Teaching writing is teaching thinking. Helping our students to articulate their thinking is one of the greatest gifts we can give them. All year long, our English language arts teachers have spent each of their professional learning days together with colleagues and teacher consultants from the Ohio Writing Project, learning to create classrooms that support student writing. We’ve received some of our most positive feedback from these times together.

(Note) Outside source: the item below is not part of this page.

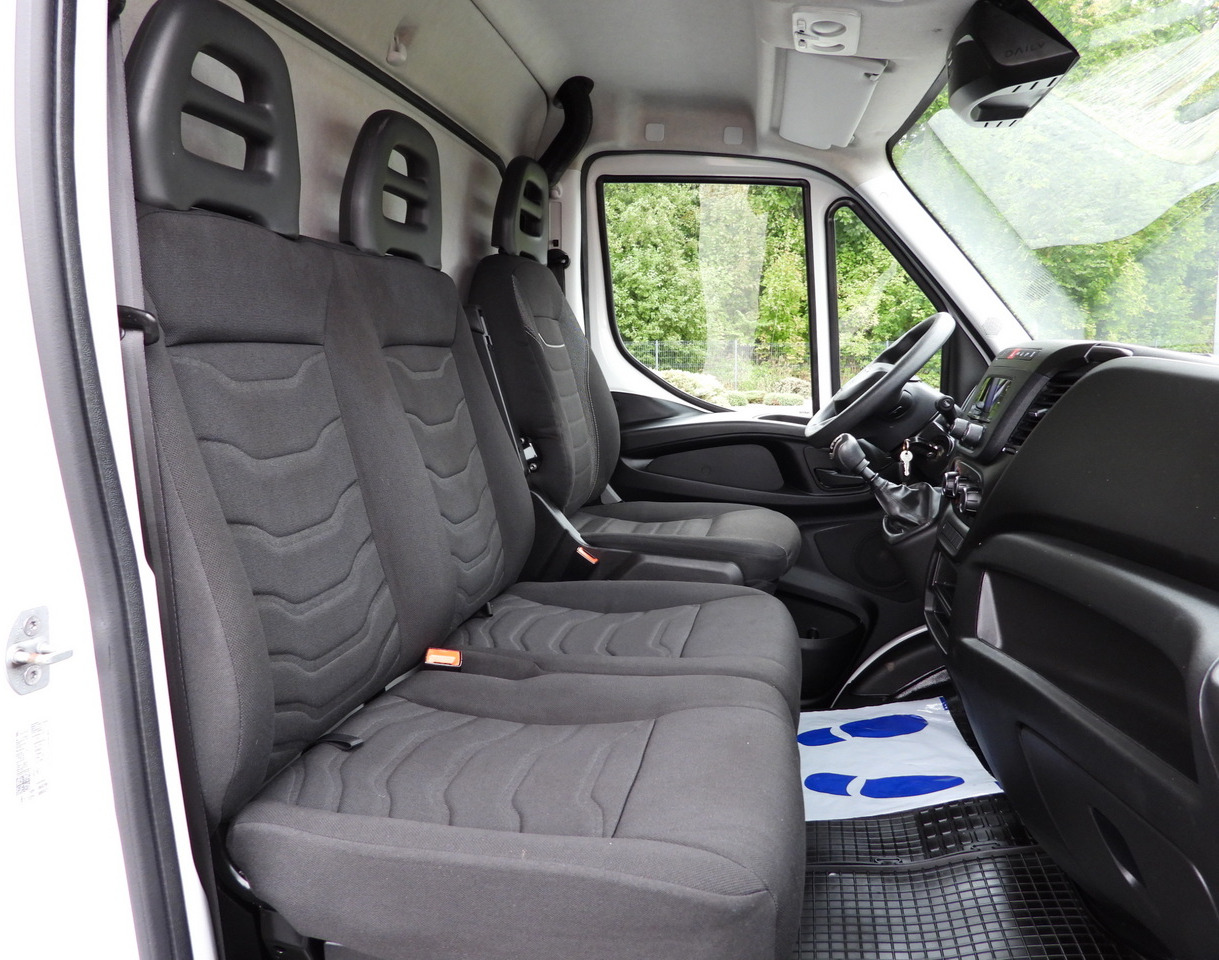 Furgons ar tentu IVECO DAILY 35S18 TARPAULIN LIFT 8 PALLETS WEBASTO CRUISE CONTROL LED LIGHTS AIR CONDITIONING  180HP: foto 43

Funding for the National Writing Project is now at risk. Join me and thousands of educators from around the country in raising our voices on behalf of student writing. You will often hear me talking about research-based pedagogy. The NWP has a solid research track record. Please read the blogs and articles linked here by our digital colleagues and fellow educators. Please share your OWP personal successes and student stories in the comments, below. And please consider sharing your thoughts with your representatives in the federal government.
PS OWP was a West Clermont staple “way back in the day.” Angie Ferguson and I participated in OWP after-school sessions for a yearlong PD program in the (gasp) mid 1980s. In the summer of 1986, I spent July on the Miami University campus learning to be a better writer and a better teacher-of-writing. That was one of the best, lasting professional learning experiences I’ve ever had. Let’s keep NWP alive.





In 1987 after my first year of teaching, I attended the OWP 4-week program to inform my writing instruction. I left that experience with a greater awareness of myself as a writer. This was something that I didn’t expect. During the spring of 2007, 20 years later, I decided to enroll in summer OWP course work. Again I began the next school year renewed on so many levels. OWP never gets old. When I heard that funds from the federal gov. for the NWP were on the chopping block, I made time to write my congress persons to tell them my story.